The differentiation of the continuum may proceed on two levels simultaneously or in tandem--first top-down with the distinction of basic color sets, and then bottom up with the selection out of basic color from these sets. At each subsequent level, the largest complex of chains tends to be broken at the "weakest" dyadic relationship which also tends to be the mid-point separating the continuum into more basic sets or colors. It is predicted that this splitting point will be the "best subsequent discriminator"--that breakage point (or minimal points) which will result in the most coherent (least noisy) sub-groupings. Thus the color continuum "pulls itself apart" by polarization into smaller sub-groupings that come to be increasingly less implicit and more basic in terminology. The main split at each level comes to be seen in terms of the differentiation of the most salient color contrast at that level.

The only exception to this rule in the cluster analysis above appears to be the early separation of orange and yellow, of yellow from red and orange from grue. It is difficult to imagine an association between orange and green or blue.

Though the actual patterning of color association at each level of the pile sort is more complicated than this, there are basic patterns which are definitive--such as the lack of certain colors at certain subsequent levels of discrimination.

It is extremely difficult to interpret in a conclusive manner the combined results of the different tasks. Certain inter-correlations of specific dyads of colors do appear to be consistently pronounced across different samples and tasks, but are significantly influenced by variables of sample size, type, design of the task, and the association of traits to colors.

Several presuppositions behind these analysis must be brought into focus. The patterns presented in these analysis have been based upon the relative frequency patterns across samples. Individual variability has therefore been lost. There is no saying that culture is necessarily only what is shared, or is what is represented by shared frequency patterns of response to such tasks as presented above. Culture does appear to have an influence upon such patterns, but these are difficult to separate from psychological variables which also influence them. This analysis can only be considered preliminary, problematic and just scratching the surface of an extremely complex problem of analysis and interpretation.

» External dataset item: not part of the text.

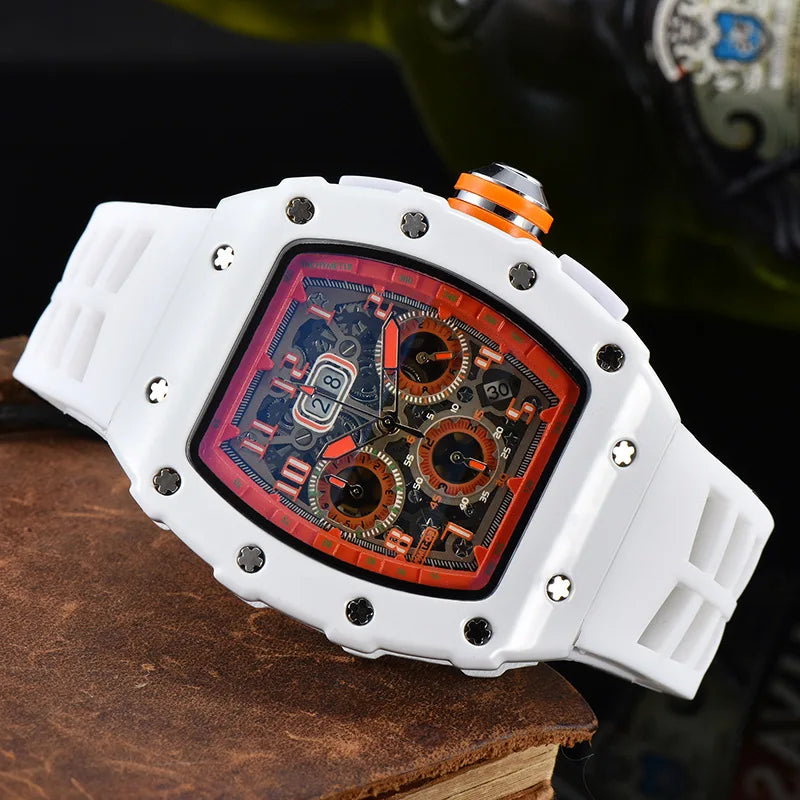 Casual, trendy, fashion watch, men's quartz watch with diamond gypsy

A similar type of analogical chaining of associations was found to occur in the domain of familial terms and relationships for a Chinese sample, in relation to a number of linguistic framing tasks (grids, dichotomous, apperception, sentence completion). This chaining appears to be ordered on the basis of certain elicited rules of relationship which regulate the associations. The centrality of this kind of familial model to understanding the dynamics of Chinese culture suggest that the basic mental model is behaviorally and symbolically extended and elaborated on the organic level of institutional social patterning of a culture, and that there is dynamic feedback between the sub-organic, symbolic and organic institutional levels of information patterning within cultural systems.

There is the strong suggestion of the development of an alternative system of artificial intelligence which to some extent predicts and models the patterning of color choice and ranking above, based upon attribute-value notation, the sample frequencies and the use of a discrimination function that estimates the level of inter-color association, the probability and noise factor of each color in each position, and which searches and traces pathways through the color array, deriving rules based upon relative probabilities and likelihood of alternative pathways through the array. The same system could be set up to model and predict patterning in different tasks, and may derive rules that may otherwise remain implicit in the complex patterning of frequency distributions. It is suggested that some pathways through such discrimination networks may be more likely and better predictors than others, and many pathways are highly unlikely while a few may emerge as clearly significant.